The sustained b-1 and j-1 allegations include that Mother failed to timely obtain the necessary medical treatment from the pediatric ophthalmologist for Maximus’s retinal eye condition and thereby has placed the minor at risk of blindness and placed Jeremiah at risk of harm. The sustained b-2 allegation is that Mother has a history of unresolved substance abuse including abuse of cocaine and alcohol which periodically limits her ability to provide regular care for the minors; on March 3, 2010, she was under the influence of alcohol while the minors were in her care and supervision; her substance abuse places the minors at risk of harm; and the minors’ siblings, Nathan F. and Aaron F., received permanent placement services due to Mother’s substance abuse. The sustained b-5 allegation is that Mother and Jose E. have engaged in violent altercations in which Jose E. physically assaulted Mother; Jose E. threw objects at Mother while she was holding Maximus; and Jose E.’s violence against Mother endangers the minors’ physical and emotional health and safety.

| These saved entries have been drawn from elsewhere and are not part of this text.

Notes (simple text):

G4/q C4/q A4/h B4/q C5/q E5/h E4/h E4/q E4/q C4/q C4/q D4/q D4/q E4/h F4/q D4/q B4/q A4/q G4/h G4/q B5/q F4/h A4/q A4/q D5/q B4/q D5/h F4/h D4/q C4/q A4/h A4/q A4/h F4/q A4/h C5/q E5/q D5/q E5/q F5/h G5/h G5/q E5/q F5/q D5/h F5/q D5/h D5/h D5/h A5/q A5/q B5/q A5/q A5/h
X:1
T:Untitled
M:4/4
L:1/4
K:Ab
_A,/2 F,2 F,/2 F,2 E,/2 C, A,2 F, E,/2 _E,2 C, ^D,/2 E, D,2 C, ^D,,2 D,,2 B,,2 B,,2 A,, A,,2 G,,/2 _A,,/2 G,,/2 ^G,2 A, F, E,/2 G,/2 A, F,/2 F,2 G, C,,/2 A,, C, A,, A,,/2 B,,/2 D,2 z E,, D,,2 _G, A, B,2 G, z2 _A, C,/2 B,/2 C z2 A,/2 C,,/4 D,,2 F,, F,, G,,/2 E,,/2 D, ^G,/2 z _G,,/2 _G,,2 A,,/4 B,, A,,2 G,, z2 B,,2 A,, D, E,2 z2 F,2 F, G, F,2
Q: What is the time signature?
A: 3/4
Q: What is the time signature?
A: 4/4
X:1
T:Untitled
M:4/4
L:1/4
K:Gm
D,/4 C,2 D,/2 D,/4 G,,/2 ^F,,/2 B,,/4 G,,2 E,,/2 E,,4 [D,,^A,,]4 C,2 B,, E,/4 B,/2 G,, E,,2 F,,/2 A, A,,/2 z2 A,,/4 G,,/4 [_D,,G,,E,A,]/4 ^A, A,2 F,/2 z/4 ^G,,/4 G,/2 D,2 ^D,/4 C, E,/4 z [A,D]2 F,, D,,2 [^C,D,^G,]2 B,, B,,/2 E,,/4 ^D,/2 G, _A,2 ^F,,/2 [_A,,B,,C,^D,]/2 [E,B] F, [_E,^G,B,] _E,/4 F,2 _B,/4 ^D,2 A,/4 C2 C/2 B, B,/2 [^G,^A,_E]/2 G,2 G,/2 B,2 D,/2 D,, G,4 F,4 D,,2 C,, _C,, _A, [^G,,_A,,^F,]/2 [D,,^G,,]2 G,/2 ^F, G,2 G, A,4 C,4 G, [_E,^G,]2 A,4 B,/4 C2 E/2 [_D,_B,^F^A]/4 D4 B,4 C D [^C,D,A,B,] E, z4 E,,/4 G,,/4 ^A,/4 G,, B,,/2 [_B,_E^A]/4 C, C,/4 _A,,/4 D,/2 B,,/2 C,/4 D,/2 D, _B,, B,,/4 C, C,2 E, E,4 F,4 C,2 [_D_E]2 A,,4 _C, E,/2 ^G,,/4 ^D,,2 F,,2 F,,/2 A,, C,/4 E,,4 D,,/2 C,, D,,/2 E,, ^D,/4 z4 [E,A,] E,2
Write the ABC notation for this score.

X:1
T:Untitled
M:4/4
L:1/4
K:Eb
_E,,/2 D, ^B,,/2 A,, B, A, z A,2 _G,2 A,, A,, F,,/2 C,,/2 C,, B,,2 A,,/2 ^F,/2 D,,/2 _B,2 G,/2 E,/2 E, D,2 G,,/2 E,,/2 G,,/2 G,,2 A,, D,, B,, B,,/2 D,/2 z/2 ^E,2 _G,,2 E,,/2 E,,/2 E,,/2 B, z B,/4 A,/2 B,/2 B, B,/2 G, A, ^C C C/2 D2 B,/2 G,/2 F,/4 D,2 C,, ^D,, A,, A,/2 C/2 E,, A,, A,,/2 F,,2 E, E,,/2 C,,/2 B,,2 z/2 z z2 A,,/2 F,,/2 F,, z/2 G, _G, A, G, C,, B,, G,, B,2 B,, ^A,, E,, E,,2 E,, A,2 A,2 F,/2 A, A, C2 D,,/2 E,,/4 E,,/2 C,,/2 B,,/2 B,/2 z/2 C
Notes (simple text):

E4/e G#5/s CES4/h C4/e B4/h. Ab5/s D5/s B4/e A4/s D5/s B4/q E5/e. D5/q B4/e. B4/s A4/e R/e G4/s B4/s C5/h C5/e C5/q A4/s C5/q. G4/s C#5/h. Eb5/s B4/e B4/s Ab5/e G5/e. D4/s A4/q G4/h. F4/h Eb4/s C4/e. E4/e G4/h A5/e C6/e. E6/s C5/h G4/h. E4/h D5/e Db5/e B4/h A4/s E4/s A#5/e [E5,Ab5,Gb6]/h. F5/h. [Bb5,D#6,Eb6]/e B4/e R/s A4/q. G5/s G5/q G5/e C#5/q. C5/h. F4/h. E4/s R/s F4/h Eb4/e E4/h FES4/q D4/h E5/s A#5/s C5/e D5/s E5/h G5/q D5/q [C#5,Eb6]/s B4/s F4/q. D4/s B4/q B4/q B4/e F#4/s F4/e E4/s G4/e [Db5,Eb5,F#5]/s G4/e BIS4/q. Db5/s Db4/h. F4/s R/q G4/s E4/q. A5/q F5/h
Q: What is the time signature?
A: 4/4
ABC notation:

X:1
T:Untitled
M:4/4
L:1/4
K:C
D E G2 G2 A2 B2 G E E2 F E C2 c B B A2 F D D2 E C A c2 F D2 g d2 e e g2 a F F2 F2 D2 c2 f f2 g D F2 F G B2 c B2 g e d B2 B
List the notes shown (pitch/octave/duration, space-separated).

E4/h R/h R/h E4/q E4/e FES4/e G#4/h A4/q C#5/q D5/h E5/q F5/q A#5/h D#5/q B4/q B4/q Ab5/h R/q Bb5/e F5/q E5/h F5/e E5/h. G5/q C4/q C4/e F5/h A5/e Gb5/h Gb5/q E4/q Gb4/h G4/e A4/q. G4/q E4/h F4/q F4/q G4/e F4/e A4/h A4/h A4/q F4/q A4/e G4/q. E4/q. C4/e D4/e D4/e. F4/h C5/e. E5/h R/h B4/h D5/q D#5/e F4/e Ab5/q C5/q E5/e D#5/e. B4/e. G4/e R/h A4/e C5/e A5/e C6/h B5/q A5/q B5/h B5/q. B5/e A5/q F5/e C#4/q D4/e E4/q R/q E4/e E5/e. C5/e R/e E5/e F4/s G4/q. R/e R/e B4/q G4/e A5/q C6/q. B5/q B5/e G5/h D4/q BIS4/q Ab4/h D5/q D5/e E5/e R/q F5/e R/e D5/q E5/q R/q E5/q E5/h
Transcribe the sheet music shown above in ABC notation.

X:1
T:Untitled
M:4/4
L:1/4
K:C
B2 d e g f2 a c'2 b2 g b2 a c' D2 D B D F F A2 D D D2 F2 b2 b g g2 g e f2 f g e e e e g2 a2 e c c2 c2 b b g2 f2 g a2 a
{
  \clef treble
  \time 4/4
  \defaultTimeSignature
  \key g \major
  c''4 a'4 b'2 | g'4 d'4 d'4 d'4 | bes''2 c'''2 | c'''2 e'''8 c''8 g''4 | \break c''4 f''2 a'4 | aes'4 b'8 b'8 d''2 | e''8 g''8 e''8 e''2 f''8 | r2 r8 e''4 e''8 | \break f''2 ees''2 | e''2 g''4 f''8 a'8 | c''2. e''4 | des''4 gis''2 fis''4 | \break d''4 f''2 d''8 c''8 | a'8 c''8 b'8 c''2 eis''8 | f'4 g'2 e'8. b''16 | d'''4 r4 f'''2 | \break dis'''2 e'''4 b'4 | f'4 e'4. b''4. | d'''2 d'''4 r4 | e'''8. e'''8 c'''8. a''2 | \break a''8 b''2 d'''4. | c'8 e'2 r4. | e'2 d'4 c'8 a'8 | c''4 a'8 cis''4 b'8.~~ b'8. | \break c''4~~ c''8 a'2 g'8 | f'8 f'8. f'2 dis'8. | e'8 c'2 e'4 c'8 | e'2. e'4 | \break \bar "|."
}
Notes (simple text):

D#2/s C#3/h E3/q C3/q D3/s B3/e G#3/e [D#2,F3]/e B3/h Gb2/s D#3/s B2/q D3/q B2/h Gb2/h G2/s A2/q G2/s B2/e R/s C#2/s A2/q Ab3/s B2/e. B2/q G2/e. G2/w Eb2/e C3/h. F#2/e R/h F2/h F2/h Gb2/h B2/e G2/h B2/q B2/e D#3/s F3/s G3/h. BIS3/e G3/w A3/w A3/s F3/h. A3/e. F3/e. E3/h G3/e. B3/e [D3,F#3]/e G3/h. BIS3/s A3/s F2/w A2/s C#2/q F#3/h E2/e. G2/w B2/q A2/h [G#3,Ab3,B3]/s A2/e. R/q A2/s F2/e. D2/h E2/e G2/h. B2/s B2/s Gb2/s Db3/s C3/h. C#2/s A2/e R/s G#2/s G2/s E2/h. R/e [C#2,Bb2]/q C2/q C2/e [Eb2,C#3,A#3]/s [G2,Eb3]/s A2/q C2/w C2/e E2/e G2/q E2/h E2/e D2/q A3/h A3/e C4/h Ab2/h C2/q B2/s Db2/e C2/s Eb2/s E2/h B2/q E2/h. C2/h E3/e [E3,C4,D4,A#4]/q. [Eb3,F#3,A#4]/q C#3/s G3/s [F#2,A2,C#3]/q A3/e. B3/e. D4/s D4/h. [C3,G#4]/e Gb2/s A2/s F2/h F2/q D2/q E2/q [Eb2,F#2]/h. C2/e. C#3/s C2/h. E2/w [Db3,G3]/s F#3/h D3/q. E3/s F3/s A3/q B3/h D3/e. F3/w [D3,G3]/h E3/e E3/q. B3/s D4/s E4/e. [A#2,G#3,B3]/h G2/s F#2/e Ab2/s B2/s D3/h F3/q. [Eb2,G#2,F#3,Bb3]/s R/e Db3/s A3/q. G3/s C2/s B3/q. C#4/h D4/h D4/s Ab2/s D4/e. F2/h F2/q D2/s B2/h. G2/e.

3. Disposition and Denial of Reunification Services

By the time of the June 7, 2010 disposition hearing Mother had changed substance abuse programs several times, tested negative on May 10 and May 28, and tested positive for cocaine on June 1. As indicated in footnote 6, the Department learned she also had been arrested and jailed for driving with an alcohol count of.10 or higher.

Regarding the abuse programs, as noted above Mother’s first program was El Proyecto del Barrio, where she enrolled on March 10, 2010. A letter from the Angel Step Inn program, dated May 11, 2010, states Mother transferred to that program on April 17 and was “safety transferred out” on May 11. It states that Angel Step Inn is a “45-day emergency shelter for women and/or their children whose lives have been disrupted by domestic violence and substance abuse” and is a “structured program.” The letter states Mother complied with the rules and program requirements regarding domestic violence and chemical dependency, participated in all of the program activities, and was an example to her peers there. The Department report states Mother next enrolled in an in-patient drug and alcohol program at Foley House on May 11, and left that program the very next day, and she told a social worker she planned on entering another program and enrolling in parenting classes. A June 7 letter from El Proyecto del Barrio states Mother came back to that program on May 28, 2010.

The record does not appear to state why Mother entered the Angel Step Inn program. If her entry was because of the physical violence against her by Jose E., Mother does not so state in her appellate briefs.

Mother was 33 years old at the time of the disposition hearing on June 7, 2010. In her testimony she acknowledged that she had never been in a substance abuse rehabilitation program until she entered El Proyecto del Barrio. She stated she was still participating in that program. Asked why her parental rights to Nathan and Aaron were terminated, she stated it was because she “didn’t show up to court.”

Asked about the various programs she has been in since Maximus and Jeremiah were detained from her care, Mother testified El Proyecto del Barrio is an outpatient program, and Angel Step Inn is inpatient. She stated she was transferred from Angel Step Inn to Foley House because a woman who entered the Angel Step Inn program was from the same area in which Mother’s abuser, Jose E., lives. She did not ask to be transferred, and she only stayed at Foley House one day. She stated she was never closed out of the El Proyecto del Barrio program when she left there to go to the domestic violence program and she returned to El Proyecto del Barrio on May 27 or 28.

She estimated she has had a substance abuse problem for four years “off and on, ” and the abuse is with cocaine and alcohol. Asked why she tested positive on June 1 for cocaine, Mother stated it was because she was “just going through a lot of stuff right now. And I just relapsed. It was a one-time thing.” She stated she would have a sponsor assigned to her at a meeting that night (the night of the disposition hearing). Asked if she had taken steps prior to her June 1 cocaine-positive test to prevent using cocaine, Mother stated she had “been trying to stay away from people who use or drink” but “unfortunately, I was at a place where there was, you know -- so I couldn’t – I didn’t know how to say ‘no.’ And, unfortunately, I don’t have a cell phone where I can call because I have numbers for females.”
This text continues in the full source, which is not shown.